Call me a negative ninny.
posted by troutfishing at 3:55 AM on September 24, 2004


I thought the article had enough links to support its reasoning, as Israel's relationship to the US, as well as Israel's role in many things Middle East have often been debated between MeFites.
posted by acrobat at 4:26 AM on September 24, 2004


I am ashamed to say how little I knew of this. Although I support the right of Israel to exist, I do not think that the atrocities detailed here are justified by that principle. Atrocities need to be publicised - no matter who commits them.

Sheesh. I am speechless now.
posted by dash_slot- at 4:45 AM on September 24, 2004


the occupation forces chose a less reported form of violence to subdue the rebels – soldiers held them down and broke their bones. [...] One episode was caught on film, and can be viewed in various documentaries. The Israeli cameraman was later killed by Israeli forces.

Woah.

I would really like to hear Project Censored's rebuttal to this heavily footnoted piece. Hell, anyone's rebuttal.
posted by Civil_Disobedient at 5:07 AM on September 24, 2004


Behind the current temporary ascendant triumphs of PR - in glossing over cruel, savage, bloody ground level realities in the Israeli-Palestinian conflict. Iraq, and elsewhere, lie the eternal perogatives of wealth and power.

[ So it has always been, but never has the veil of self deluding shop talk, whether churned out by convertible driving, corn fed boileroom Midwest communication majors, english speaking Indian graduate students, or computers, hung as such a thickly ubiquitious, obfuscatory pall - reminscent of the great age of coal burning but instead this time emitted by ravenous cash burning D.C. think tanks - which imparts a stench that recasts lucidity and moral clarity in a new light - as negativity and needless had wringing.

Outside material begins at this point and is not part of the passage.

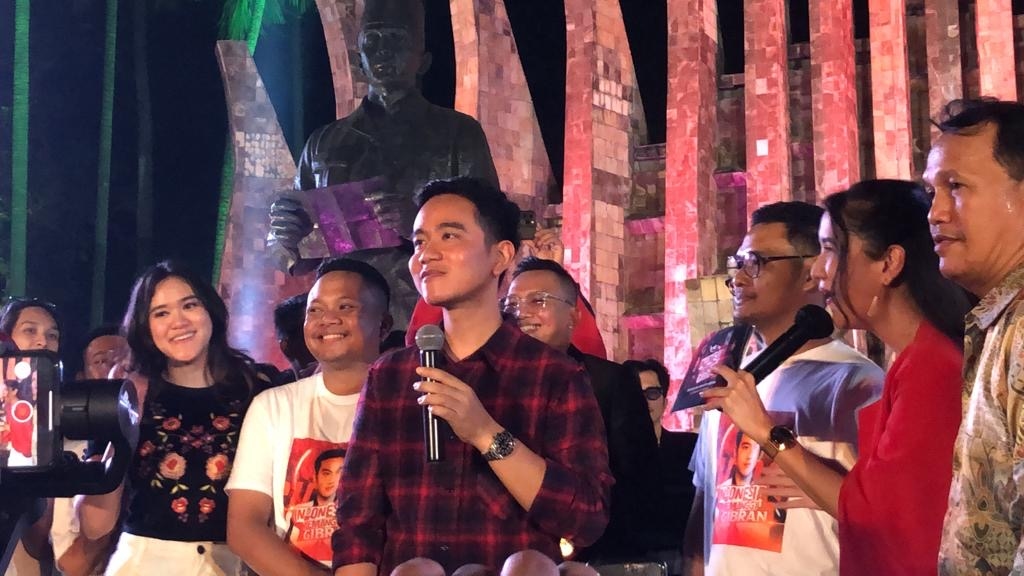 Gibran Siap Disanksi PDIP Jika Jadi Cawapres Prabowo Subianto, Katanya Sudah Ketemu Mbak Puan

Adolf Hitler, Dale Carnegie and Norman Vincent Peale, smirking on low amidst the sulphur, dance a little, joyous jig - and join Coue, Eddie Bernays, and Ivy Lee in a gaseous, oily clusterfuck. ]

I apologize in advance for my off color derail.
posted by troutfishing at 5:07 AM on September 24, 2004


Civil_Disobedient - I imagine the Bush Administration would like to perfect the same methods in Iraq. But, that sort of quiet brutality takes time, extensive military intelligence and deep cultural familiarity, immense manpower, and - well, errr - intelligence.....

All currently lacking on the aforementioned runaway train.
posted by troutfishing at 5:12 AM on September 24, 2004


"needless hang wringing", that should have been.
posted by troutfishing at 5:14 AM on September 24, 2004


I knew some of this - if there's any benefit at all to our obsession with Israel on MetaFilter, it's that it caused me to seek out a better understanding of the history of the I/P conflict and not rely on the conventional American wisdom of "Israel gooooooood, Arabs baaaaaaad..." If America knew, indeed...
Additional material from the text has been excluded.